Your assignment - Would you copy exactly the lines in the data below from the one that has "エイミーバイアフロートザガーデン 浦和店(amie by" through the one that has "Honda NX bros 2026", dropping any pictures?

Study material -
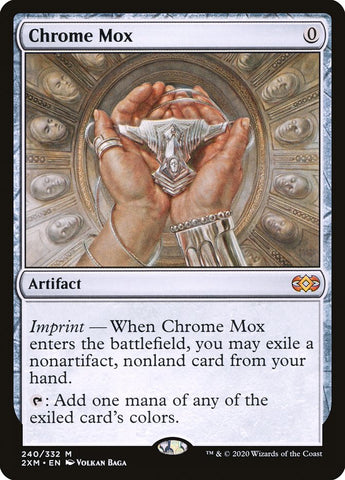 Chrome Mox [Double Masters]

--

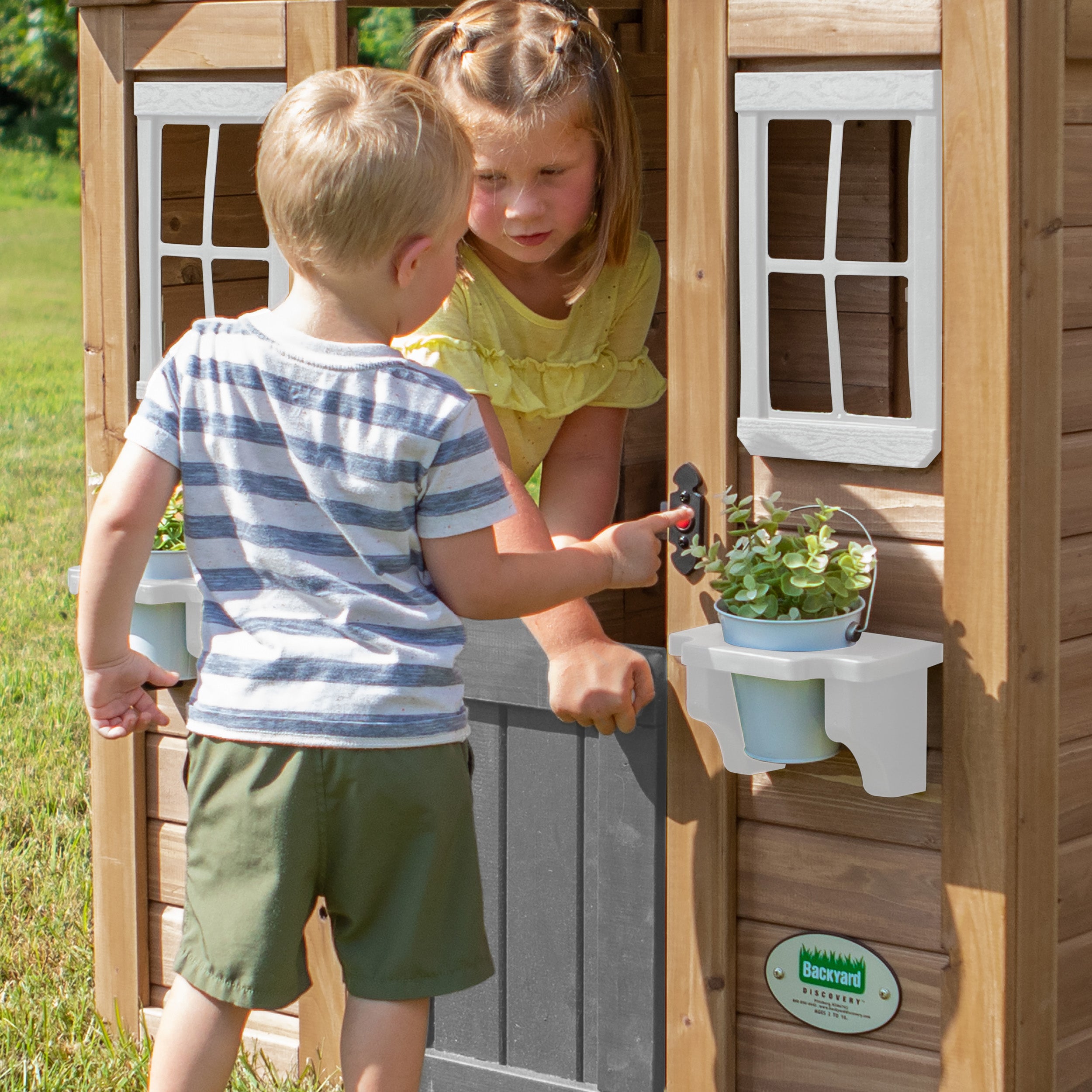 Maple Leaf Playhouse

---

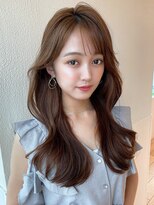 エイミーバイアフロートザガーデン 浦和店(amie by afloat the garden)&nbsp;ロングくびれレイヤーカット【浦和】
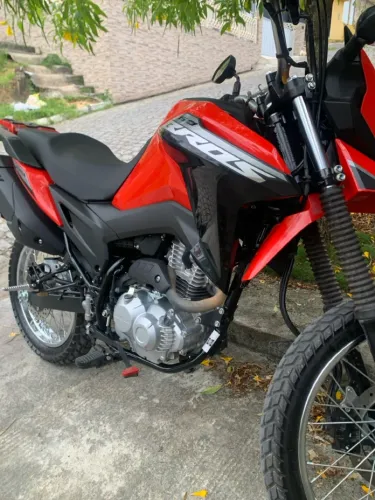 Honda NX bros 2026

Output of the exercise -
 エイミーバイアフロートザガーデン 浦和店(amie by afloat the garden)&nbsp;ロングくびれレイヤーカット【浦和】
 Honda NX bros 2026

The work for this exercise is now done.